Action item:
In the records that follow, find the line containing "Soursop (Annona muricata)" and the line containing "2829 Puketitiri Road Patoka_12", then transcribe both and every line between them exactly, omitting pictures.

Data:
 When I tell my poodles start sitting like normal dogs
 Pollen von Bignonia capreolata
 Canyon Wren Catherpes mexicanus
--
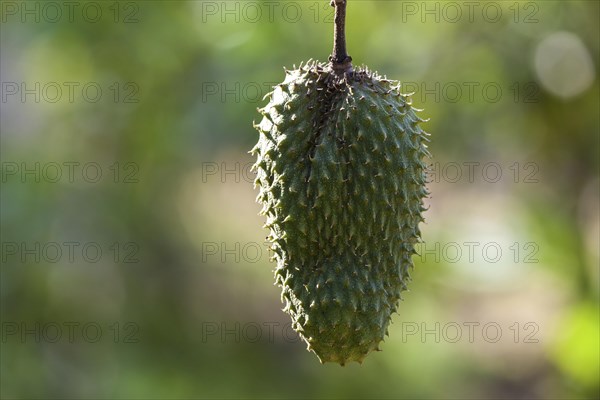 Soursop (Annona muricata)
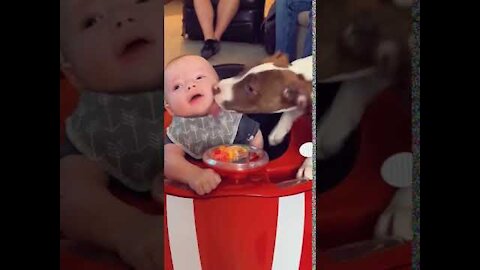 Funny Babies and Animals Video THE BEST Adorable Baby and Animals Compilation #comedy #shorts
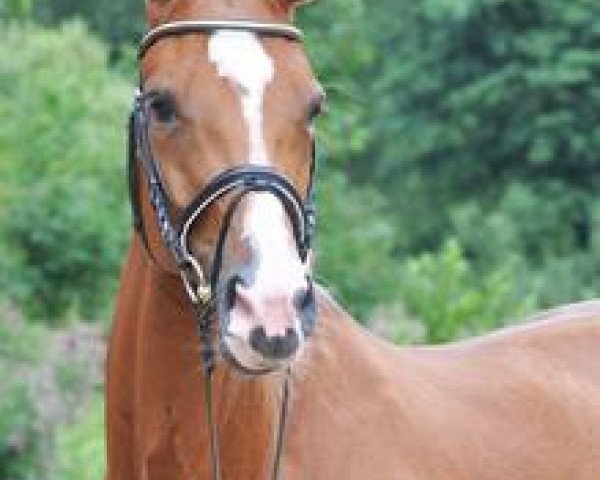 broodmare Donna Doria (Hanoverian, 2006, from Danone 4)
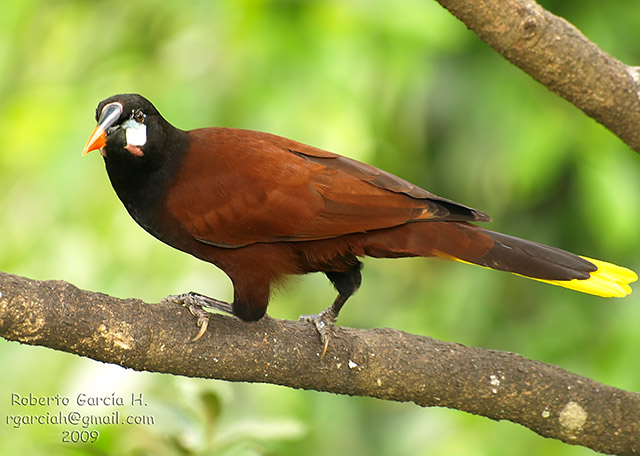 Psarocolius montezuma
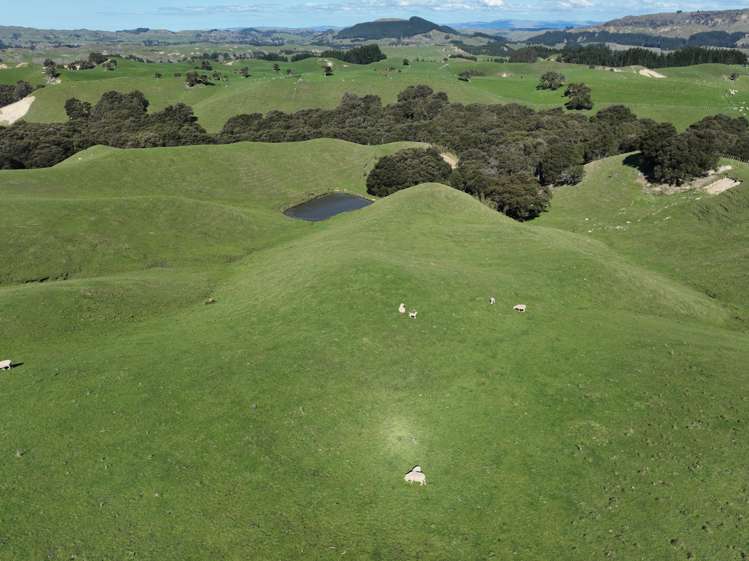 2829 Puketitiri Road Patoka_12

Finished task:
 Soursop (Annona muricata)
 Funny Babies and Animals Video THE BEST Adorable Baby and Animals Compilation #comedy #shorts
 broodmare Donna Doria (Hanoverian, 2006, from Danone 4)
 Psarocolius montezuma
 2829 Puketitiri Road Patoka_12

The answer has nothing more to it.